In this research, we found that ESR, CRP, DAS-28 and MHAQ were statistically significant higher in migraine group when compared with non-migraine group (p < 0.001). However, the only predictors of the likelihood of occurrence of migraine in RA was DAS-28 (p < 0.001).
Many studies concluded that white matter hyper-intensities (WMHs) are common imaging findings in MRI brain of migraine patients [31]. The prevalence of WMH in migraine patients were varied in different studies ranging from high prevalence as in Le Pira and colleagues and Zhang and colleagues, 43.2 and 32%, respectively [31, 32] to low prevalence as in Zeytin and colleagues which was 11.5% [33]. This discrepancy in prevalence was attributed to the differences in the sample size and patient selection.

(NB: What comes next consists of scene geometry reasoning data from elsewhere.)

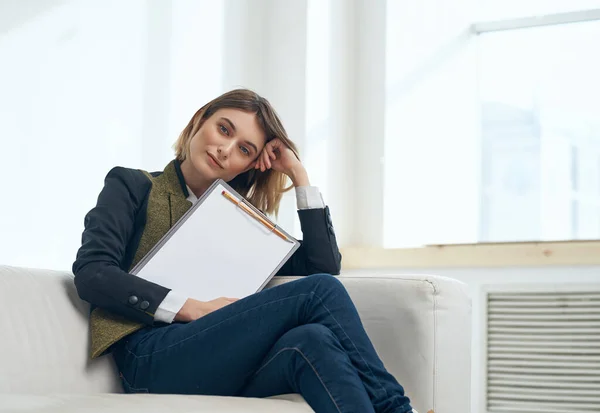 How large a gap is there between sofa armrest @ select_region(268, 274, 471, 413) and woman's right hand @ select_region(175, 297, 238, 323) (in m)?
0.31

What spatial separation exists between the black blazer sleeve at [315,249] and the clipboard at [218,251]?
0.07 m

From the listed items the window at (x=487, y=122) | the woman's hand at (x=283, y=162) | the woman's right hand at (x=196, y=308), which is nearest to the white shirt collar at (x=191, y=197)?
the woman's hand at (x=283, y=162)

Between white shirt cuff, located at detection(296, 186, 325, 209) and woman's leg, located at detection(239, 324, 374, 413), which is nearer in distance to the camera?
woman's leg, located at detection(239, 324, 374, 413)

White matter hyper-intensities as MR imaging feature in migraine patients commonly resemble the white matter lesions observed in inflammatory disorders, such as multiple sclerosis and representing a challenge for diagnosis. However, presence of central vein sign and more than three periventricular lesions is specific for multiple sclerosis [34, 35].
In the current study, the prevalence of brain MRI white matter hyper-intensities in RA patient with migraine was 54.8%. This prevalence was higher than that in Le Pira and colleagues and Zhang and colleague. These differences may be explained by the added inflammatory effect of both migraine and rheumatoid disorders on brain micro-vasculature and ischemic brain injuries [31, 32].

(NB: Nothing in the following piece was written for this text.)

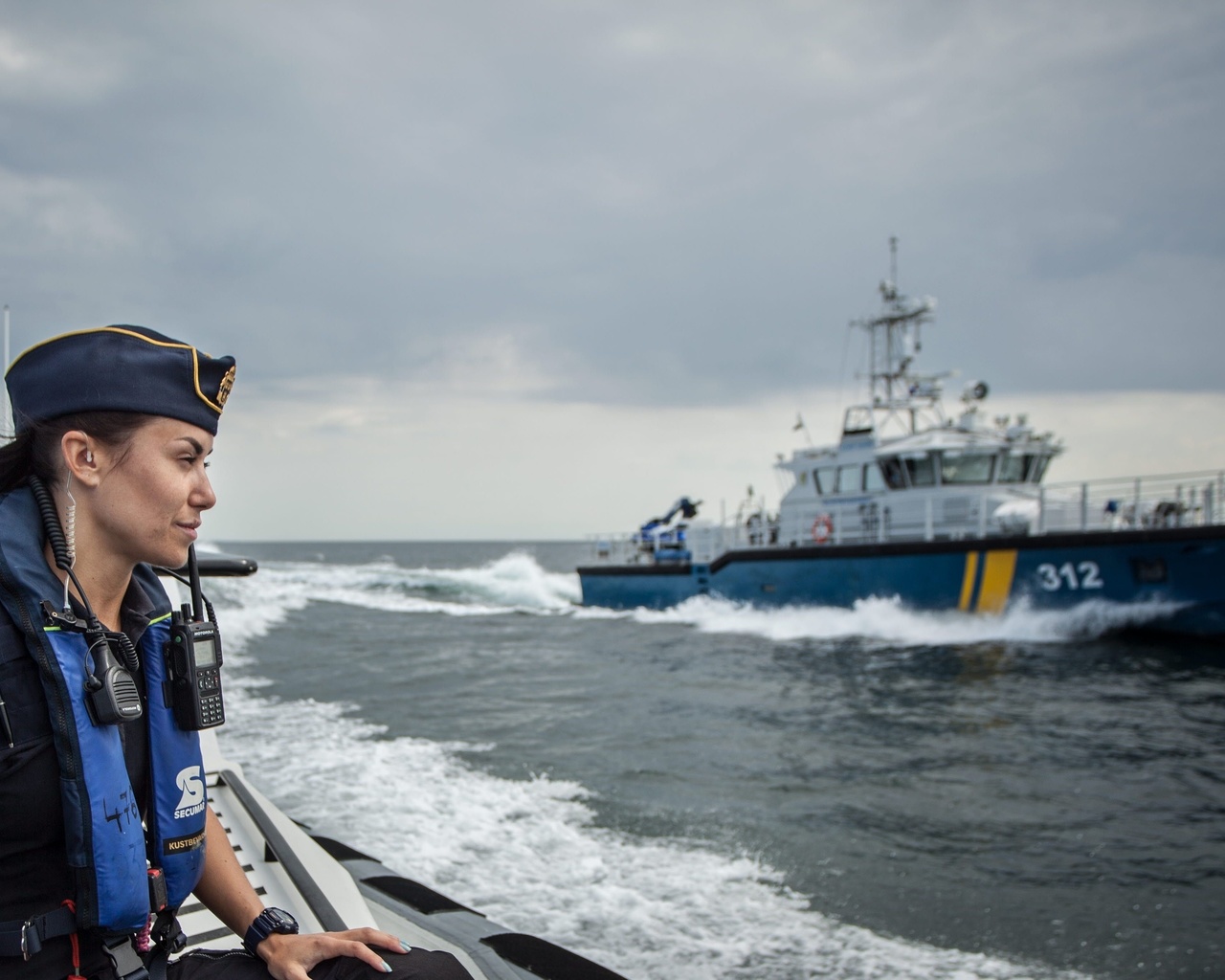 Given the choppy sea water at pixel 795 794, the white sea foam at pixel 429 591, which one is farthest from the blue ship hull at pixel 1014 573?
the white sea foam at pixel 429 591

In this study, brain MRI was performed for migraine group and exhibited that white matter hyper-intensities (WMHs) were significantly higher in migraine patients with aura (41.2%) than migraine patients without aura (17.9%) with statistically significant P value (p < 0.047). This was concordant with Rossato and colleagues who found that there was higher prevalence of WMHs in migraine patient with aura due to ischemic brain injury resulted from alteration of cerebral blood flow with subsequent high or low cerebral perfusion which is modulated by cortical spreading depression occurring in aura patients [36].
In the current study, abnormal brain MRI in the form of WMHs were significantly higher in older patients with mean age of about 45 years and in patients with longer migraine duration and with longer rheumatoid duration with statistically significant P value (p < 0.034, P < 0.004 and P < 0.015, respectively). These were in agreement with Negm and colleagues and Toghae and colleagues who found that WMHs in migraine patients were directly proportional to patient’s age and disease duration [37, 38]. On the other hand, the current study results did not match with the studies of Trauninger and colleagues and Gomez-Beldarrain and colleagues, as they concluded that there was no significant relation regarding patient’s age and duration of the disease and they concluded that there was a remission of migraine episodes with aging of the patient [39, 40].

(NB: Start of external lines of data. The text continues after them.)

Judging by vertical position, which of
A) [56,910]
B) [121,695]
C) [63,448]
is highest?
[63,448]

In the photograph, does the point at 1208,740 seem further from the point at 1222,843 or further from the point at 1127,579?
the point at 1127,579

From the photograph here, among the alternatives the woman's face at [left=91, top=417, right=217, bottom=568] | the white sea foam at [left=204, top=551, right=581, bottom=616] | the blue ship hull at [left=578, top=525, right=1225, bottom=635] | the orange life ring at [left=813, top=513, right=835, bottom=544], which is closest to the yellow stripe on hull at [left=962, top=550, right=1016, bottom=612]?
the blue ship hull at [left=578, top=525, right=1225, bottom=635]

In this study, abnormal brain MRI in the form of WMHs was significantly higher in patients with elevated ESR with statistically significant P value (P < 0.22), otherwise in this study there was no statistically significant difference regarding CRP, DAS-28 or MHAQ in development of WMHs.
Limitations of the study were small patients sample size, absence of psychiatric assessment and absence of control group study.